妊娠中、女性の腸内細菌叢は劇的に変化する。今回、妊娠中に免疫系細胞から分泌されるタンパク質であるサイトカインレベルが変化することにより、母体の腸内細菌叢、血漿および糞便の代謝物が変わることが確認された。
妊娠中の腸内細菌叢の変化が母体の免疫に与える影響
ホルモンの変動、女性の身体構造の変化、免疫系の変化をはじめ、妊娠は母体に多くの変化をもたらす。
また、先行研究では、妊娠と腸内細菌叢の変化における関係性が確認され、代謝産物を通じて母体の生理学的プロセスに影響を与える可能性が示唆された。例えば、微生物叢の乱れは、子癇前症(妊娠高血圧腎症)リスクを高めるという。
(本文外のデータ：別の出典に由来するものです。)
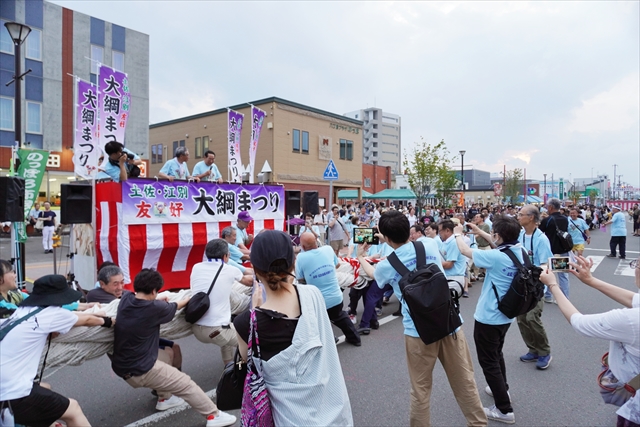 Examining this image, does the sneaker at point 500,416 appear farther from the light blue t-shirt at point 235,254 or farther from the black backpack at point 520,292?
the light blue t-shirt at point 235,254

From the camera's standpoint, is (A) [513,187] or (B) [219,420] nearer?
(B) [219,420]

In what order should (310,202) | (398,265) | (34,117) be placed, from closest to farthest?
(398,265) → (310,202) → (34,117)

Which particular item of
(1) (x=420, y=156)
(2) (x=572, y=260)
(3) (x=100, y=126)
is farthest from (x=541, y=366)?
(1) (x=420, y=156)

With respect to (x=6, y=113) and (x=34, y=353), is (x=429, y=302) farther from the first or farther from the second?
(x=6, y=113)

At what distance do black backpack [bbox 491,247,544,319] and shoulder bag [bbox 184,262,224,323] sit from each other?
276cm

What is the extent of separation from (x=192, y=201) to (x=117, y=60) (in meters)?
20.9

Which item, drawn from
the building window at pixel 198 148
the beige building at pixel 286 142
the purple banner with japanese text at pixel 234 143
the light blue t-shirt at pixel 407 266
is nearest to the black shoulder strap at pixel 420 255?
the light blue t-shirt at pixel 407 266

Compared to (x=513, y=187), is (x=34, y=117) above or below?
above

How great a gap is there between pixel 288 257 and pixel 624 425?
6.83 feet

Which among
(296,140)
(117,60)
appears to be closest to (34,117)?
(117,60)

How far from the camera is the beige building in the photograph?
82.5ft

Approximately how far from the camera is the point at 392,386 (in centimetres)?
413

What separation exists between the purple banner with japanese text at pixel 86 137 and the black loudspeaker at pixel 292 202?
4292 mm

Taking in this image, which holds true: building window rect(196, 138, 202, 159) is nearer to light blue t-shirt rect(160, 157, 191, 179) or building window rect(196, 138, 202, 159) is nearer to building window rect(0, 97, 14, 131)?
building window rect(0, 97, 14, 131) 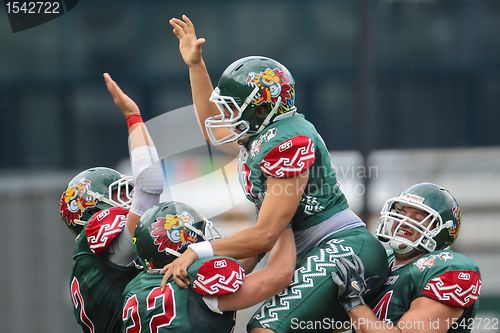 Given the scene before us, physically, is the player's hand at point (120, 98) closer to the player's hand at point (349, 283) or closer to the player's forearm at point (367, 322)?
the player's hand at point (349, 283)

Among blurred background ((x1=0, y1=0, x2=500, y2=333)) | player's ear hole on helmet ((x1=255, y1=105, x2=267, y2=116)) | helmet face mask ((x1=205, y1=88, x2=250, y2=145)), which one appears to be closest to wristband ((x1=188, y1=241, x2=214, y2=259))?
helmet face mask ((x1=205, y1=88, x2=250, y2=145))

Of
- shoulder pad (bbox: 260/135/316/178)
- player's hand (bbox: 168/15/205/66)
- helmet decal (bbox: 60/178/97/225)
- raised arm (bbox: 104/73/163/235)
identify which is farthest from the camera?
helmet decal (bbox: 60/178/97/225)

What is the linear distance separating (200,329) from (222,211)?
4.80 m

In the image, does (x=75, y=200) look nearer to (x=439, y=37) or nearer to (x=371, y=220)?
(x=371, y=220)

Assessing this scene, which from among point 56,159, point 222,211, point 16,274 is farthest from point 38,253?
point 222,211

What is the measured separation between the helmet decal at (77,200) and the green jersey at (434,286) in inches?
60.4

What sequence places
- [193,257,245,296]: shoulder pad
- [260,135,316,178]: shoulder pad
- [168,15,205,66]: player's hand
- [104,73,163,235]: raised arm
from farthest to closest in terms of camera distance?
1. [168,15,205,66]: player's hand
2. [104,73,163,235]: raised arm
3. [260,135,316,178]: shoulder pad
4. [193,257,245,296]: shoulder pad

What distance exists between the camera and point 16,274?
10586mm

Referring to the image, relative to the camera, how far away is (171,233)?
4.91 meters

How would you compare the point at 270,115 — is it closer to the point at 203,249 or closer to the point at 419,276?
the point at 203,249

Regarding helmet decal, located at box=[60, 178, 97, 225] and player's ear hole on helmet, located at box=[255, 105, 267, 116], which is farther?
helmet decal, located at box=[60, 178, 97, 225]

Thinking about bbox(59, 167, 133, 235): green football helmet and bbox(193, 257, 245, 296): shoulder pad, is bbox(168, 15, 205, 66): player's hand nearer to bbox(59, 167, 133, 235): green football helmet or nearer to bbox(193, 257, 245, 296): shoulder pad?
bbox(59, 167, 133, 235): green football helmet

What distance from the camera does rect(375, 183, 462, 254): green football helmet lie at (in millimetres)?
5164

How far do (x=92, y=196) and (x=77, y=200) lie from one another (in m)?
0.08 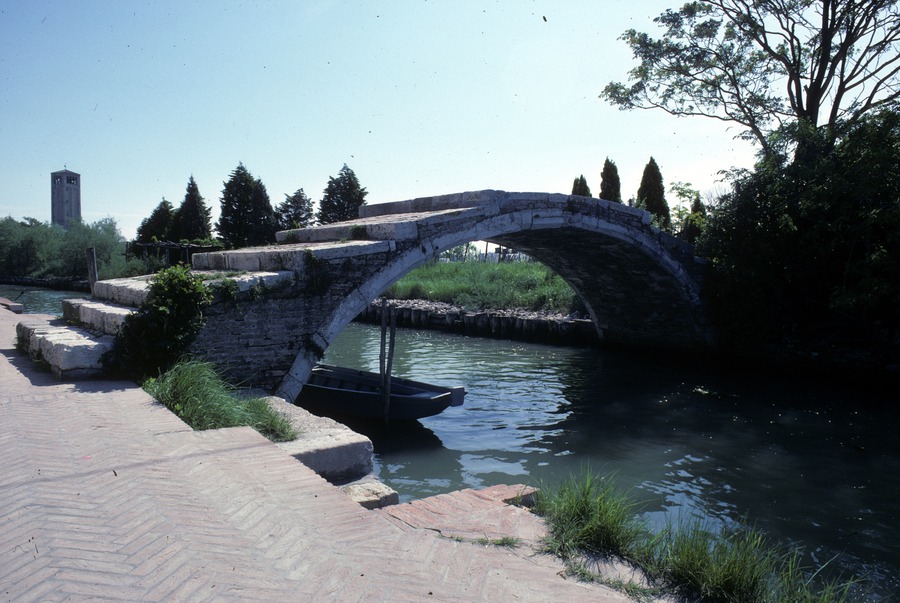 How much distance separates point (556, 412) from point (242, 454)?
772cm

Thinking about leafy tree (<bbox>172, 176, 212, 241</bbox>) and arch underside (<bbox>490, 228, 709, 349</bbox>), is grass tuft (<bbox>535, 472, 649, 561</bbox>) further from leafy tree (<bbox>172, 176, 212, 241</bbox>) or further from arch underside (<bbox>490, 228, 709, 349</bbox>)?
leafy tree (<bbox>172, 176, 212, 241</bbox>)

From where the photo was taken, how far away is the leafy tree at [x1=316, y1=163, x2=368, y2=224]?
3447cm

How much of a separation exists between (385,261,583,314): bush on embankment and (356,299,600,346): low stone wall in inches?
28.1

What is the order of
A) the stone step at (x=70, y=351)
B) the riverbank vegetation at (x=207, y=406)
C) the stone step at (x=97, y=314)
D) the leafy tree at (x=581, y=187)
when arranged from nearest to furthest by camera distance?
the riverbank vegetation at (x=207, y=406)
the stone step at (x=70, y=351)
the stone step at (x=97, y=314)
the leafy tree at (x=581, y=187)

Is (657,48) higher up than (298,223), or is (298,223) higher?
(657,48)

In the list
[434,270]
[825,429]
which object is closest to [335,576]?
[825,429]

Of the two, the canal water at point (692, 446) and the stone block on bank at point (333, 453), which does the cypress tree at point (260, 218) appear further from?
the stone block on bank at point (333, 453)

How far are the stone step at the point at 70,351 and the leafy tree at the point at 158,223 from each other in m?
32.9

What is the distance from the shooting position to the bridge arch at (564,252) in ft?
29.1

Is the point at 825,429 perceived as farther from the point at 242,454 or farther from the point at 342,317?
the point at 242,454

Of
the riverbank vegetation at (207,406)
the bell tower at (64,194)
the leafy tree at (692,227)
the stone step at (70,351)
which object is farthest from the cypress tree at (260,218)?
the bell tower at (64,194)

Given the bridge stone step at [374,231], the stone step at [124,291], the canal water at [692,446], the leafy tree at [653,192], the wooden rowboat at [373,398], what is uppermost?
the leafy tree at [653,192]

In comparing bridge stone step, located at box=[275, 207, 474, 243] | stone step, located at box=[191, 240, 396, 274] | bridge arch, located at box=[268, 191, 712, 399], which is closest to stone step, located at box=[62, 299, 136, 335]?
stone step, located at box=[191, 240, 396, 274]

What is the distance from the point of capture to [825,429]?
32.3ft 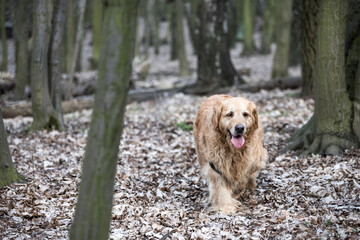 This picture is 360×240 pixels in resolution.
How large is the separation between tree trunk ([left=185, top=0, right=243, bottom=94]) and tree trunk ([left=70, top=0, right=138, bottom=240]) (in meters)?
9.61

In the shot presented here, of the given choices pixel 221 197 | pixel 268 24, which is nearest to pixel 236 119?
pixel 221 197

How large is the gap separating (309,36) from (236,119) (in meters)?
5.32

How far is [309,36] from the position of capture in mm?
9602

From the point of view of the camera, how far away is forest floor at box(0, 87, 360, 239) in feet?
14.7

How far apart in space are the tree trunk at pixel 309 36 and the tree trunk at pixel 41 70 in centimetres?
571

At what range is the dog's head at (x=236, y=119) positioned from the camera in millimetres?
5203

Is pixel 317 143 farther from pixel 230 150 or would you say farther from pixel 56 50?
pixel 56 50

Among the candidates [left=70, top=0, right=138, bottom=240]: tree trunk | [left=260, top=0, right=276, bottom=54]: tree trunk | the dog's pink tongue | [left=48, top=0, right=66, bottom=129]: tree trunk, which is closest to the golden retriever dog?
the dog's pink tongue

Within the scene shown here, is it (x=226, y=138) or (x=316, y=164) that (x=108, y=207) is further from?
(x=316, y=164)

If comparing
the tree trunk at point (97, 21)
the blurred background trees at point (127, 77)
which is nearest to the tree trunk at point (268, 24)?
the blurred background trees at point (127, 77)

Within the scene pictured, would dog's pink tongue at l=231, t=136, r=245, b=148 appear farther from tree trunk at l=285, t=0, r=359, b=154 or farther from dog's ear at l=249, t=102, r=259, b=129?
tree trunk at l=285, t=0, r=359, b=154

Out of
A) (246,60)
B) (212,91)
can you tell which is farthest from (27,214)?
(246,60)

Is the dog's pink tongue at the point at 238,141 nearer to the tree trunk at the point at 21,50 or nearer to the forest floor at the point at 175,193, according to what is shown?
the forest floor at the point at 175,193

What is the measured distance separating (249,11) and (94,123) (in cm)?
2528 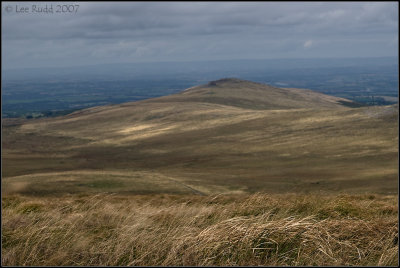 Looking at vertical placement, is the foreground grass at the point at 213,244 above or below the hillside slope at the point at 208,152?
above

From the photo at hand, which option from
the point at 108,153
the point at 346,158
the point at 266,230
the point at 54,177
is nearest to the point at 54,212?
the point at 266,230

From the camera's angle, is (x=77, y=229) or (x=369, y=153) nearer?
(x=77, y=229)

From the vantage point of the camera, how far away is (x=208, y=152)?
112m

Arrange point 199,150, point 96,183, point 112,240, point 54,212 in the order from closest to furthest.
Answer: point 112,240 < point 54,212 < point 96,183 < point 199,150

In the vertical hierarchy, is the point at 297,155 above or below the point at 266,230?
below

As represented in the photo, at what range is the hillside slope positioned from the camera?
59344 millimetres

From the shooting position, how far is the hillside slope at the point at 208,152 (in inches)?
2336

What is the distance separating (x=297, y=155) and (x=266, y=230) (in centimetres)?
9500

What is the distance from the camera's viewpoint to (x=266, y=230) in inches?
307

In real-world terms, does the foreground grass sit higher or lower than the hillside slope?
higher

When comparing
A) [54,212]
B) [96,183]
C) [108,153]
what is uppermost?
[54,212]

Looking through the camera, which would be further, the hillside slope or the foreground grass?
the hillside slope

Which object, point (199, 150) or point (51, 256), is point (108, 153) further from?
point (51, 256)

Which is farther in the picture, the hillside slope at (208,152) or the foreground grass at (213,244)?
the hillside slope at (208,152) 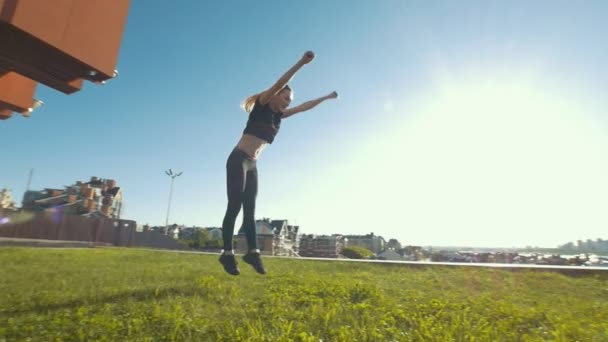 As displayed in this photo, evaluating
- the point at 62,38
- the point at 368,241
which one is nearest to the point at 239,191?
the point at 62,38

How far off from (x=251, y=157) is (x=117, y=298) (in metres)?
3.03

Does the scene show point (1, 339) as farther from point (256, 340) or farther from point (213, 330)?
point (256, 340)

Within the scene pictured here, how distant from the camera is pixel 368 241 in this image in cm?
10081

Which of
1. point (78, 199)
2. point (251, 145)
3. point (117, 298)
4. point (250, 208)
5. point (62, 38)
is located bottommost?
point (117, 298)

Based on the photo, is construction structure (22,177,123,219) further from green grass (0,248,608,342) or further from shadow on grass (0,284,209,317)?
shadow on grass (0,284,209,317)

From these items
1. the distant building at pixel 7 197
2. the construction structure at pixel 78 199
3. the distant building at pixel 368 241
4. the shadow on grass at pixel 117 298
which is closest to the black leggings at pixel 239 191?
the shadow on grass at pixel 117 298

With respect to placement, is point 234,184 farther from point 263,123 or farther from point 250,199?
point 263,123

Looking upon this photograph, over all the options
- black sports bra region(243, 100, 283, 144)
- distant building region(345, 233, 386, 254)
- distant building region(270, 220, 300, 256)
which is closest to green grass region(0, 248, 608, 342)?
black sports bra region(243, 100, 283, 144)

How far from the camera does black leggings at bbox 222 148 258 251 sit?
2.92 meters

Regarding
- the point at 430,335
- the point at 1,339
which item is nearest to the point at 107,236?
the point at 1,339

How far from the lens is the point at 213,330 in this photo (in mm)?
2957

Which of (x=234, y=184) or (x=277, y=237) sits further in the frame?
(x=277, y=237)

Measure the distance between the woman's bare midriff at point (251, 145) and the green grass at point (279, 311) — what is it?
171 centimetres

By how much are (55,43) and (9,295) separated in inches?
165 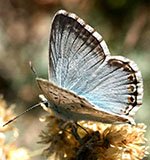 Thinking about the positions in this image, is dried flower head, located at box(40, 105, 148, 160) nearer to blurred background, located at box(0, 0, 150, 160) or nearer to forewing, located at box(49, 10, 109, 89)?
forewing, located at box(49, 10, 109, 89)

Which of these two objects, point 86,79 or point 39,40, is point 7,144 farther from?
point 39,40

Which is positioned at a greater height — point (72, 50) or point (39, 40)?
point (39, 40)

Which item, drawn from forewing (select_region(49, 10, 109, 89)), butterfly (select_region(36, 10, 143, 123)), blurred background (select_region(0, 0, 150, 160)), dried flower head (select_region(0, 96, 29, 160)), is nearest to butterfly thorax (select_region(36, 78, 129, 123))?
butterfly (select_region(36, 10, 143, 123))

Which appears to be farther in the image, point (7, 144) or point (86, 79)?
point (7, 144)

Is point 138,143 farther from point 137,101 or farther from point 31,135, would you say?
point 31,135

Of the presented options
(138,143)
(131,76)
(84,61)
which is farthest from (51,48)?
(138,143)

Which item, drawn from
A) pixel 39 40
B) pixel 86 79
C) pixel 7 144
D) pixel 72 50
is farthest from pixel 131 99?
pixel 39 40

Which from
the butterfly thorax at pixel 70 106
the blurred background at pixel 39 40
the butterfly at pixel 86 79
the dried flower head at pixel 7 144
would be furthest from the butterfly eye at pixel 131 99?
the blurred background at pixel 39 40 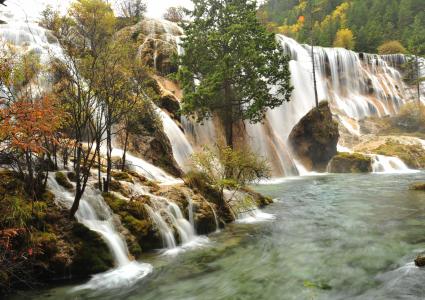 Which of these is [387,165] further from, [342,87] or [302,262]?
[302,262]

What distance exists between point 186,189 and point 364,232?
686 cm

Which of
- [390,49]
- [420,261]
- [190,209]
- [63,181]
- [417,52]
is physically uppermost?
[390,49]

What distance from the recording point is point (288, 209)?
18984mm

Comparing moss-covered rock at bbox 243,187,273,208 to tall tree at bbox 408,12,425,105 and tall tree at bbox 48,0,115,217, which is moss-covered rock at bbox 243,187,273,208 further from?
tall tree at bbox 408,12,425,105

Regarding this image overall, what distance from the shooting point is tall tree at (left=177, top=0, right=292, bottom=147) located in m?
23.6

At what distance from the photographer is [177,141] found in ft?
86.4

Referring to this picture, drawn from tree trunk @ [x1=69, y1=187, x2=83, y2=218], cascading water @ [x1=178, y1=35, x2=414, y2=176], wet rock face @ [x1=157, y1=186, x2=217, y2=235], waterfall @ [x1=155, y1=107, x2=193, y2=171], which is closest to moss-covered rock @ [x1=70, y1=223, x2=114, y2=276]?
tree trunk @ [x1=69, y1=187, x2=83, y2=218]

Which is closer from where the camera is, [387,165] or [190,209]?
[190,209]

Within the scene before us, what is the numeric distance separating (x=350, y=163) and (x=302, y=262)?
93.5 feet

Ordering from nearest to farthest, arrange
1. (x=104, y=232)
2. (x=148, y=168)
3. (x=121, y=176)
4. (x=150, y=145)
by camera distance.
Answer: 1. (x=104, y=232)
2. (x=121, y=176)
3. (x=148, y=168)
4. (x=150, y=145)

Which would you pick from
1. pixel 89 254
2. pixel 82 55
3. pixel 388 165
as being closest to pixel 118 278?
pixel 89 254

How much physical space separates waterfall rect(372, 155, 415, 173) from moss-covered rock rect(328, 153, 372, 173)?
30.9 inches

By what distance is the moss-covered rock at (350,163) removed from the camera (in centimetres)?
3688

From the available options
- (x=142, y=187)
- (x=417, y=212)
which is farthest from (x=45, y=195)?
(x=417, y=212) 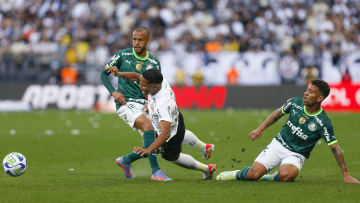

そこで今回、研究チームは、健康な妊婦30人(18~34歳、妊娠37週)ならびに健康な非妊婦15人(18~34歳、月経周期14日目)を対象に検便検査と血液検査を行い、妊娠中の腸内細菌叢の変化が母体の免疫に与える影響を検証した。
腸内細菌叢、代謝物、免疫システムの状態を比較したところ、妊婦と非妊婦において、腸内細菌叢のバランスならびにサイトカインレベルに顕著な違いが確認された。妊婦は炎症を促進するサイトカインレベルが低く、炎症に抵抗するサイトカインレベルが高くなり、妊娠中は免疫系が抑制される可能性が示唆される。
また、妊婦の代謝産物は、非妊婦と比べて独自の構成が認められ、炎症誘発性サイトカインレベルの低下との関連性が判明した。
メカニズムの解明には至っていないものの、妊婦の腸内環境に存在する細菌叢が炎症誘発性代謝産物に影響を与え、免疫反応を阻害する可能性があるという。